==== Dataset section ====

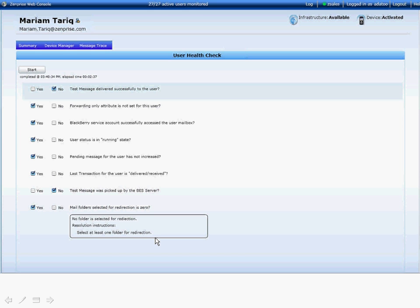Again, what would have taken 10 to 15 steps, five different management consoles, with Zemprize User Health Check, single click of a button, 60 seconds later you have the answer to your question.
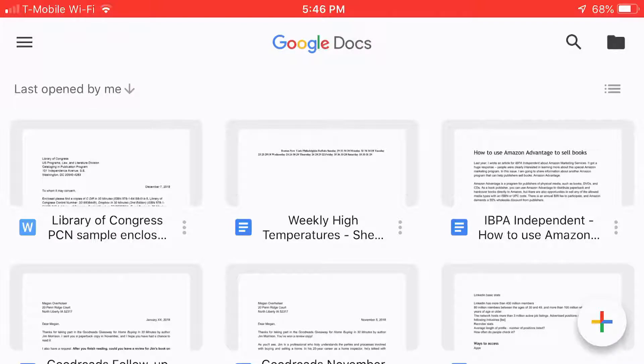Hello everyone, my name is Ian Lamont. I am the author of Google Drive and Docs in 30 Minutes. Today I'm going to be talking about how to create a new Google Docs document from a template.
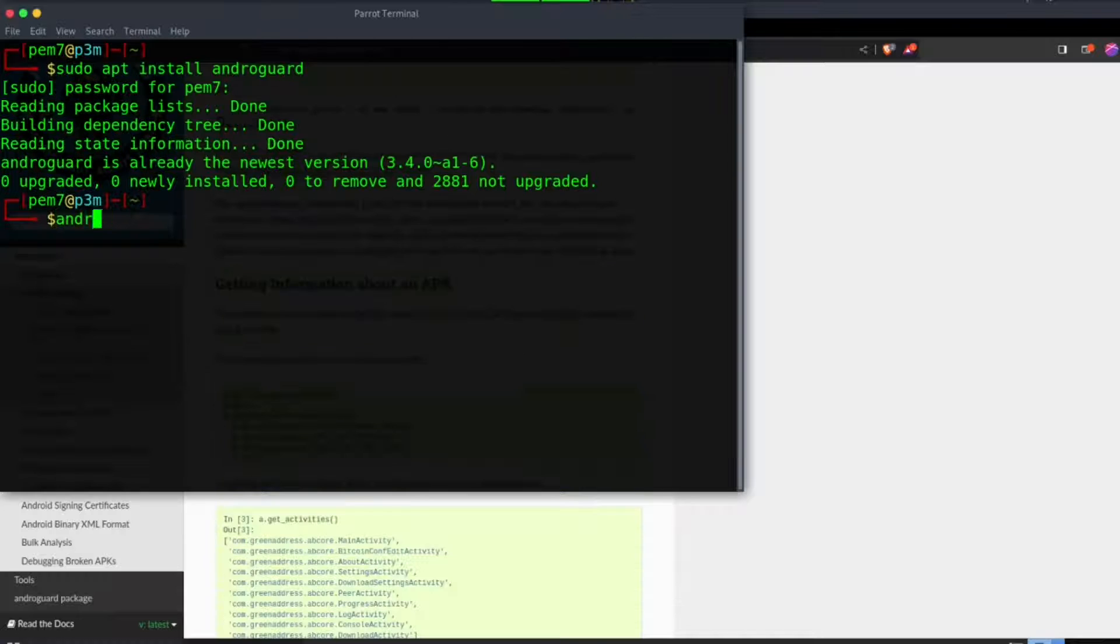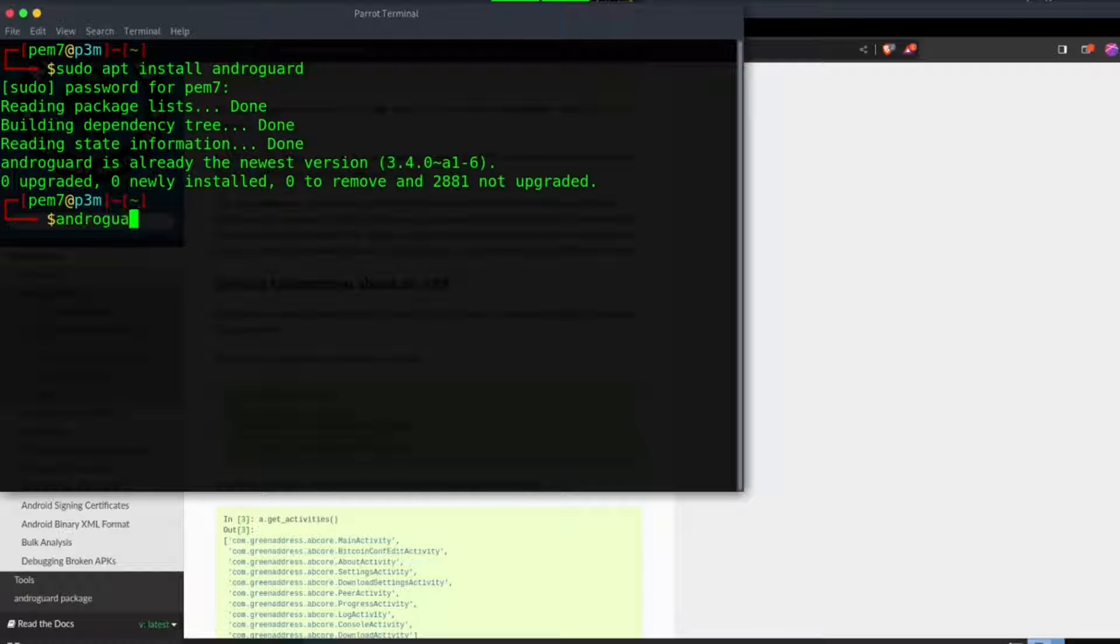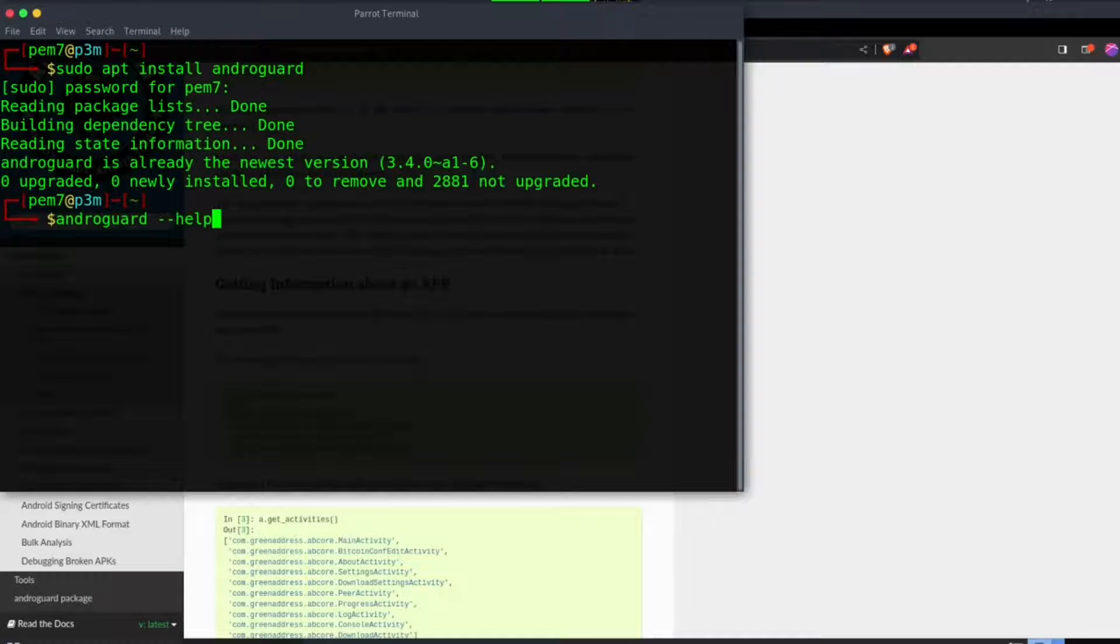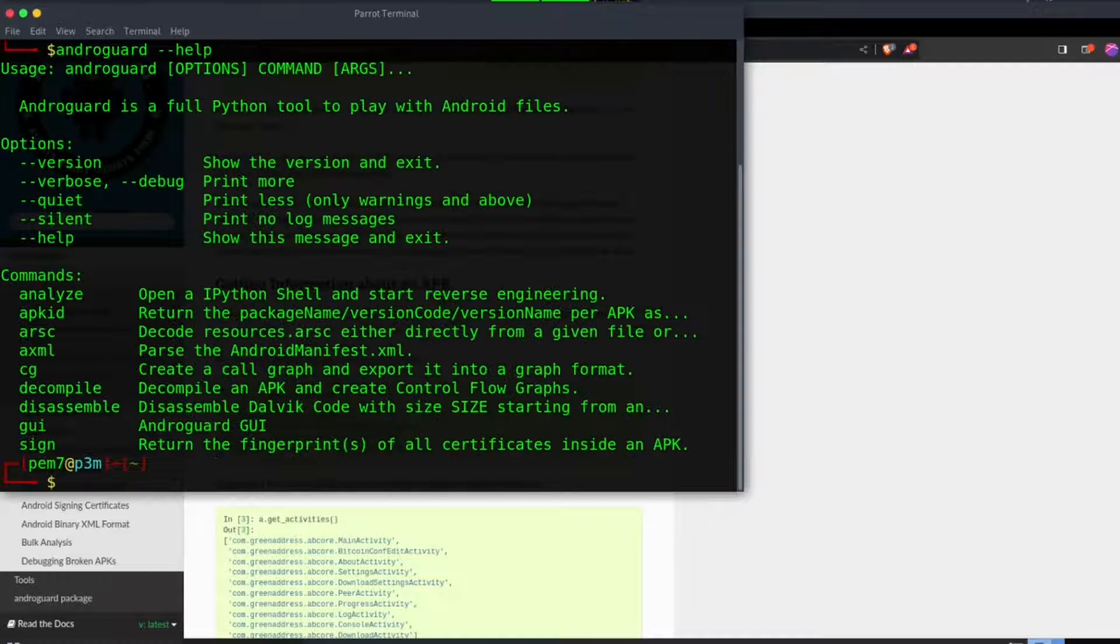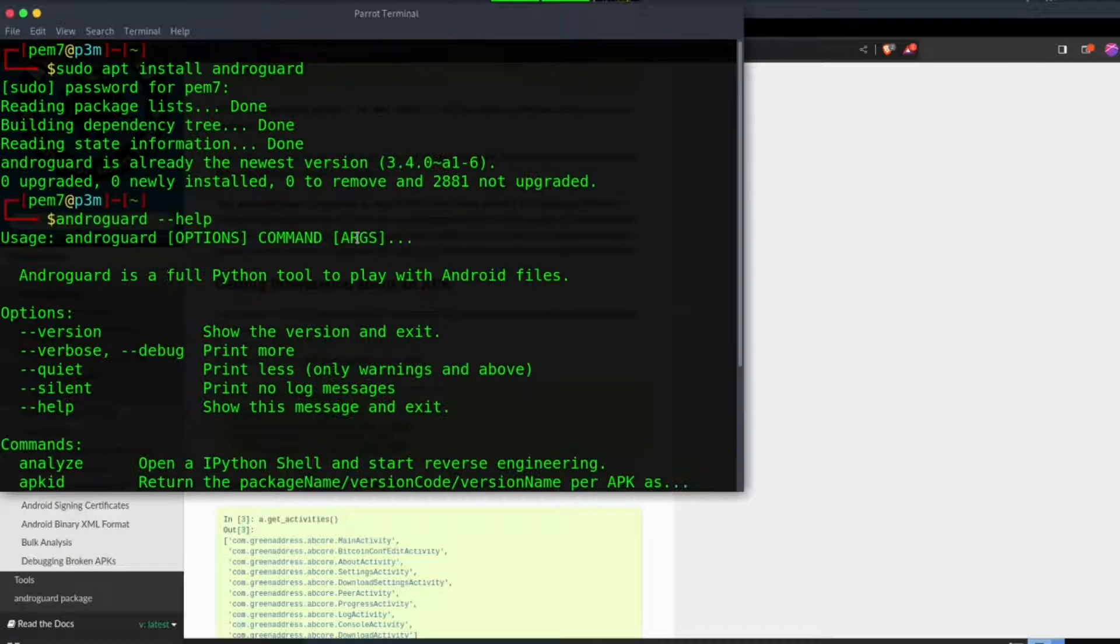To confirm the installation was successful, issue the command androguard space dash h. Shell usage options will be displayed.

====

### Exercise goal
With the pictures omitted, reproduce the data above exactly.

### Solution to this exercise
Again, what would have taken 10 to 15 steps, five different management consoles, with Zemprize User Health Check, single click of a button, 60 seconds later you have the answer to your question.
Hello everyone, my name is Ian Lamont. I am the author of Google Drive and Docs in 30 Minutes. Today I'm going to be talking about how to create a new Google Docs document from a template.
To confirm the installation was successful, issue the command androguard space dash h. Shell usage options will be displayed.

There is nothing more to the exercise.